* WHAT IS EXPECTED: Nothing outside the lines below from the one containing "Hudl�s: Allan H�yer" through the one containing "کاندیدای مناسب برای" is to be printed; print those exactly, ends included, and drop the pictures.

━━━━━ RECORDS TO PROCESS

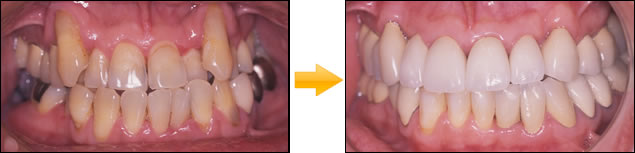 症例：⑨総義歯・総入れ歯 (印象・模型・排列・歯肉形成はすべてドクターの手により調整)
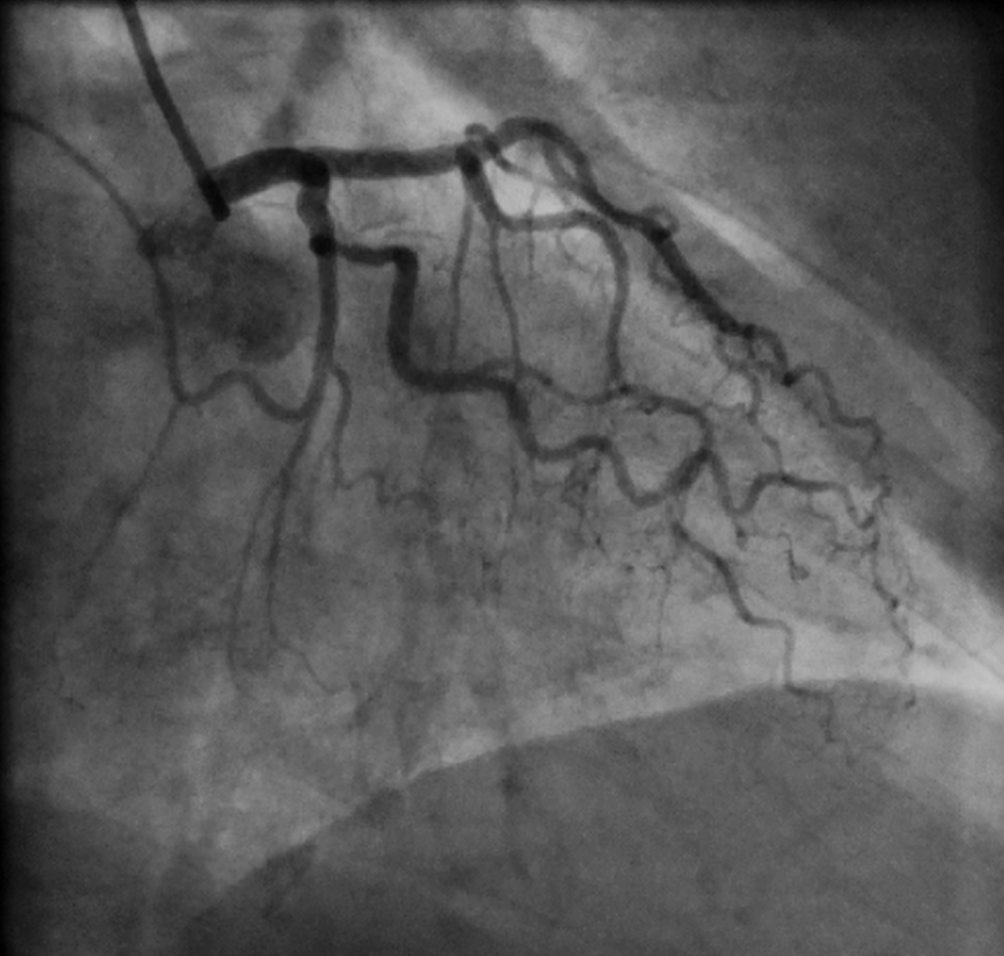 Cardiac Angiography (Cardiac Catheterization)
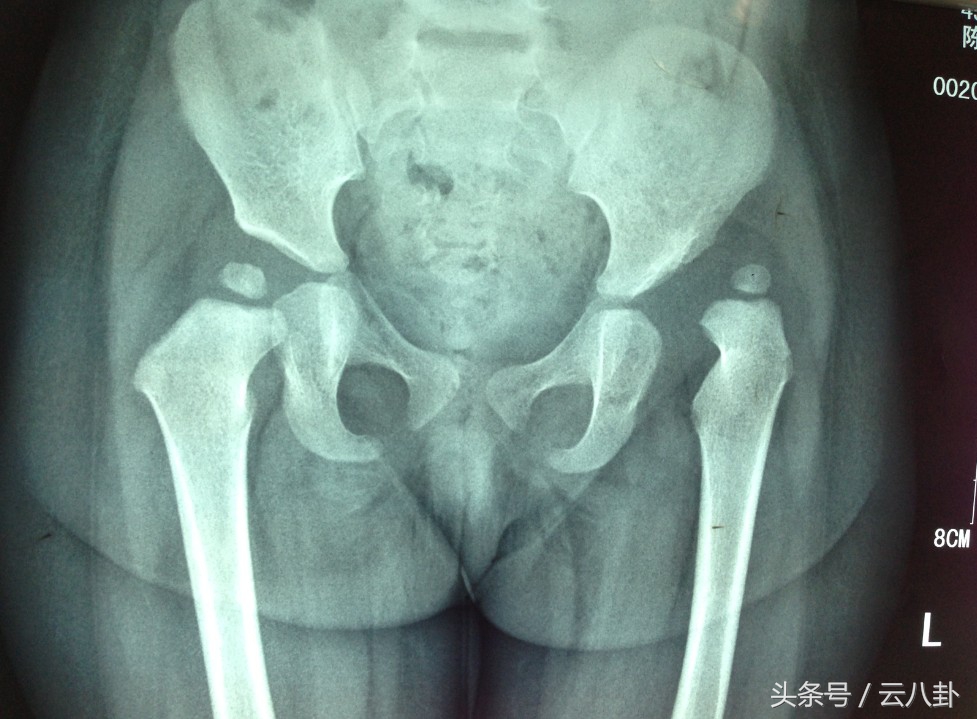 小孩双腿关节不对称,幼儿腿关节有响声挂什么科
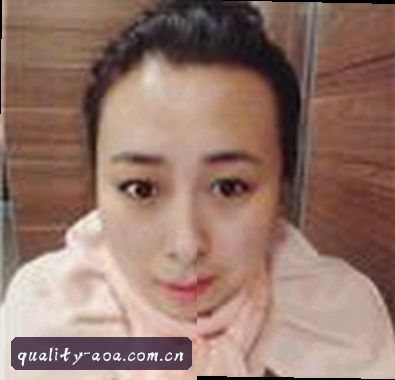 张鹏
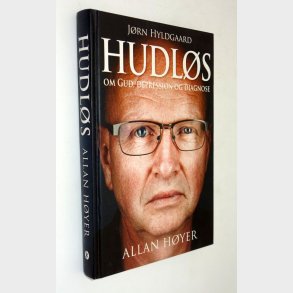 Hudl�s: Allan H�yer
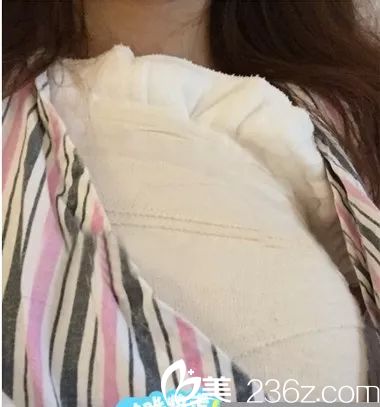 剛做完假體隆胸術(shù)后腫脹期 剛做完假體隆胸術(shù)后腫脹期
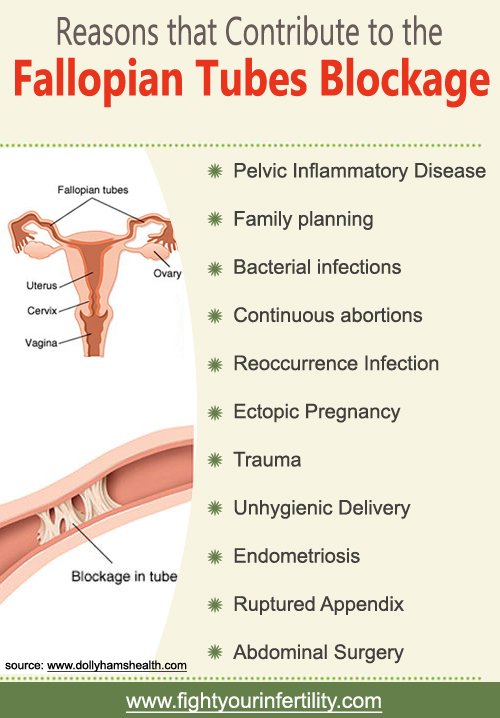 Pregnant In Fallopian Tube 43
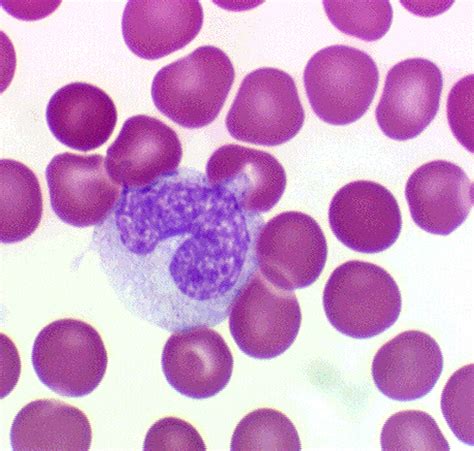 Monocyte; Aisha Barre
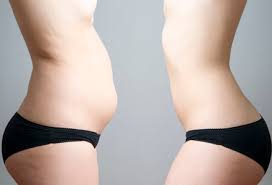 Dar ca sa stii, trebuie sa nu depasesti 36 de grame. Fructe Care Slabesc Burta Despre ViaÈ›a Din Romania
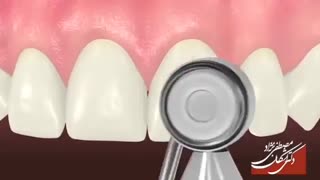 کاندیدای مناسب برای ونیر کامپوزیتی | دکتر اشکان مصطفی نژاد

━━━━━━━━━━
━━━━━ RECORDS TO PROCESS

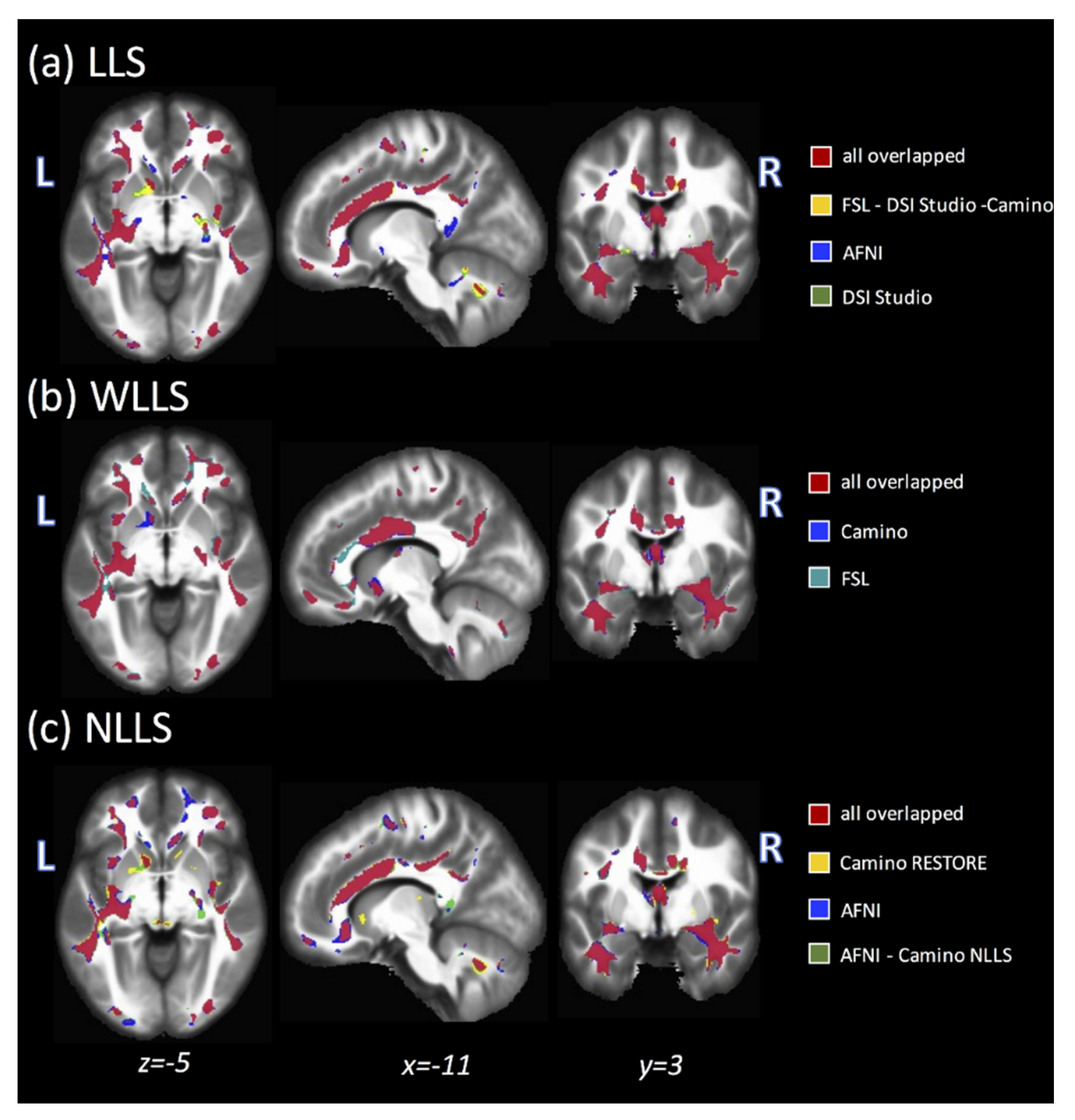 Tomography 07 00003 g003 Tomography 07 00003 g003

━━━━━━━━━━

* WRITTEN RESPONSE:
 Hudl�s: Allan H�yer
 剛做完假體隆胸術(shù)后腫脹期 剛做完假體隆胸術(shù)后腫脹期
 Pregnant In Fallopian Tube 43
 Monocyte; Aisha Barre
 Dar ca sa stii, trebuie sa nu depasesti 36 de grame. Fructe Care Slabesc Burta Despre ViaÈ›a Din Romania
 کاندیدای مناسب برای ونیر کامپوزیتی | دکتر اشکان مصطفی نژاد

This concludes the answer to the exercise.